Saturday, March 16, 2013

Charlie & The Compute-Shader factory #3: Tiled Deferred Lighting

Finally. Another post. Sorry, I’ve been busy, mainly at work. And with playing the Sims with our daughter… Maybe I shouldn’t have said that.

The previous Compute Shader post ended with brabble about semaphores, mutexes and other ways to synchronize and avoid conflicts between threads. Ok, but why would one worker has to bother another worker? You would be pissed too if the neighbor shows his head above the fence everyday to interfere with whatever business you’re doing. Respect a man’s privacy! Yet, in Compute Town, there are scenario’s that require cooperation between the elements being executed within a Warp/Wavefront. The last compute shader manuscript, for now. A practical example, on Tiled Deferred Lighting, made by the Pope, in Taiwan, brought to you by MacDonalds.

Deferred Lighting, anno 1725
This post is aimed for the more advanced users. So, if you never wrote a Deferred Renderer or the likes, try that first. But anyway, here a short mind refresher on the traditional Deferred Lighting pipeline:
1- Fill (full screen) G-Buffers
With pixel attributes that represent the scenery your camera sees. Attributes such as the 3D position, diffuse/specular color and normal for each pixel.

2- Draw diffuse/specular lighting into another texture buffer(s)
- For each lamp, render a rectangle, cone, sphere or other shape that covers the area that is *potentially* affected by that lamp.
- For all pixels being overlapped by that shape, calculate if the lamp really affects the pixel, and ifso, compute the color results. To do so, use the G-Buffers from step 1.
- Use additive blending to sum up the result of each light, in case a pixel gets affected by multiple lights.
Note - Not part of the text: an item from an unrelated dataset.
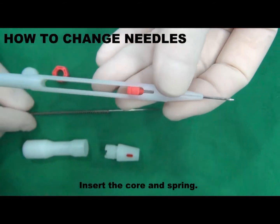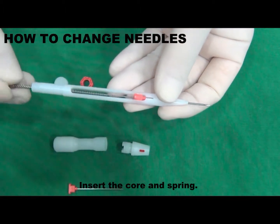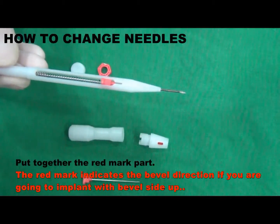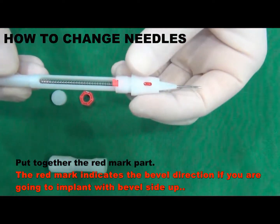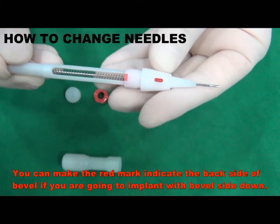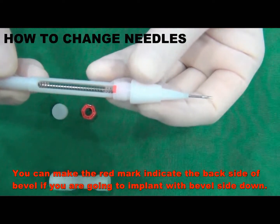Insert the core and spring. Put together the red marked part. The red mark indicates the bevel direction if you are going to implant with bevel side up. You can make the red mark indicate the back side of bevel if you are going to implant with bevel side down.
3- Render the scene again, multiply it with the lighting buffers from step 2.

Systems up? Good. Although this approach is easier and faster than traditional forward rendering, there are still two major issues that slow down the process:
- If a pixel is overlapped by 10 lamps, some steps such as reading the G-Buffers and doing some vector calculations, have to be redone 10 times.
- Additive blending, although not slow, is not super fast either.

These two issues are the price you pay for handling each light in a separate pass. It would be nice if we could combine all the lamps into a single pass, so we only have to do the computations once, and do the additive blending internally. Like this:

Thanks to uniform buffers and such, making an array of lights isn’t too hard. But… there is one stinky catch. How do you know which lamps from the array apply on a particular pixel? If you have 100 active lights scattered on your screen, it doesn’t mean each pixel should loop through all 100 lamps. Well you can do … but it’s stupid.

Deferred Lighting, anno now --> Tiled Deferred Lighting
Did you see the Batman signal projected at the clouds? That means a Compute Shader is needed. We can do all the testing and lighting in a single program. The idea is pretty much the same as illustrated in the Rick++ code above, except that we also test which lights should be involved, and which can be skipped for a small region of pixels. After all, a local light in the top left corner of the screen shouldn’t lay his dirty hands on pixels in the opposite screen corner. Since this testing step is quite expensive, we don’t cull the lights for each pixel, but per “tile” (hence the name).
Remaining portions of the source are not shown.